In honor of the 30-year anniversary of Banned Books Week, numerous UA departments and colleges have partnered with organizations both and off campus to host a series of events to celebrate the freedom to read.
The UA events include:
Through Dec. 31: A new exhibition, "Misunderstood Titles: Stories about Censorship in the Old Pueblo," has opened at UA Main Library, 1510 E. University Blvd. UA librarians Erica DeFrain and Cindy Elliott coordinated the project, highlighting 100 banned or contested books, including children's books and best-selling novels.
Oct. 3: A panelist will lead a 3:30-5:30 p.m. discussion coinciding with the exhibition. The presenters are: Bob Diaz, an associate librarian for the UA Special Collections; Kay Mathiesen, an assistant professor in the UA School of Information Resources and Library Science, or SIRLS; and Patricia M. Overall, an associate professor of SIRLS; and Roberto Rodriguez, an assistant professor in the UA Department of Mexican American Studies.

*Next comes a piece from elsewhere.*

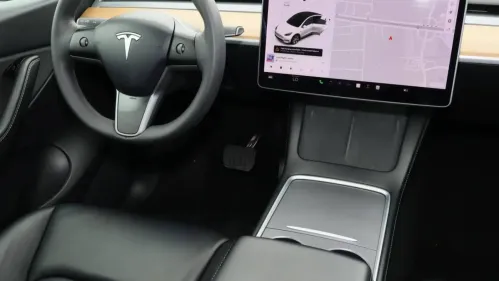 2021 Tesla Model Y 5YJYGAEE5MF192497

Oct. 4: At 10:30 a.m., Robert A. Williams, Jr. will discuss his recently published book, "Savage Anxieties: The Invention of Western Civilization." Williams is the E. Thomas Sullivan Professor of Law and American Indian Studies at the UA's James E. Rogers College of Law where he also serves as the co-faculty chair of the Indigenous Peoples Law and Policy Program. A book sale and signing follow his talk.
Oct. 5: Award-winning authors Sandra Cisneros, Manuel Muñoz and Helena María Viramontes will speak at 8 p.m. in Room 350 of the UA Modern Languages Building, 1423 E University Blvd. The event, which is free and open to the public, is an initiative of the UA College of Humanities and English department along with partners both on and off campus.
Cisneros is best known for "The House on Mango Street" and her new book, "Have You Seen Marie?" is forthcoming. The most recent book published by Muñoz, an assistant professor who teaches creative writing at the UA, is "What You See in the Dark." Also, the most recent book by Viramontes is "Their Dogs Came with Them."
The three authors will address a number of questions: "How does access to new ideas strengthen the bonds of community? How vital can literature be as a tool to free ourselves of cultural misunderstandings?"